Moscow - Nothing would change significantly. You forget that weather impacts BOTH players. NEW!!!
[Ret: I 'Specifically mentioned Oil freezing up in German Tanks because as far as I know... the Russians had already been dealing with these temperatures for a very long time... and had lubricants that would still function effectively in very cold temperatures... such as the Oil not freezing in their Tanks!.] [Luck was not a deciding factor in this particular case!.]
IMHO true 'what-if' events are these where it's a stupid accident, luck or a slight time advantage made the difference:

as for what-ifs:
1941 - 2nd Pz Gruppe moves onto Moscow and skips Kiev. Probably, will get a powerful blow into its southern flank from Kirponos
1942 - No Kharkov disaster = No Blau (or different) = a totally different Stalingrad (if any)
etc etc - how do you plan for these? As any of them shift the game totally into a Wonderland
You have mentioned quite a list of 'What-If's", those 'what-ifs'... would definitely have made some impact on the furtherance of events.

"how do you plan for these? As any of them shift the game totally into a Wonderland"… True!...True!... you can't 'plan for these'... there are too-many 'Permutations and Combinations' of outcomes that would make the Game an 'Insane Asylum'.

The only remedy or calibrated fix that I can come up with … is to only concentrate on the most impactful event changing situations... such as for example... what if the German's had planned and prepared better for an all out effort to take the 'Caucasus Oil-Fields' [Instead of MOSCOW] with more forces, fuel and an earlier start?. If that effort was successful... then the 'Russian-Army'... would have then been effectively 'Neutered'... they would now be a 2nd or 3rd-rate force to deal with... now being... much less effective!.

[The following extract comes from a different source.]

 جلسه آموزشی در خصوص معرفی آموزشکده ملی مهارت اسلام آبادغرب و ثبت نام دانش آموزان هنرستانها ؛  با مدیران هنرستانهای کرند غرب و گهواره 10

Another possible example... could be the axis take-over of 'Malta'... which then would have been an overwhelming 'Game-Changer' for 'Erwin Rommel' in North-Africa!. Major-Major events such as these could have had an altering devastating outcome on further proceedings. We can't let the much lesser impactful confrontations... have the major-sway in the outcome of the conflict!.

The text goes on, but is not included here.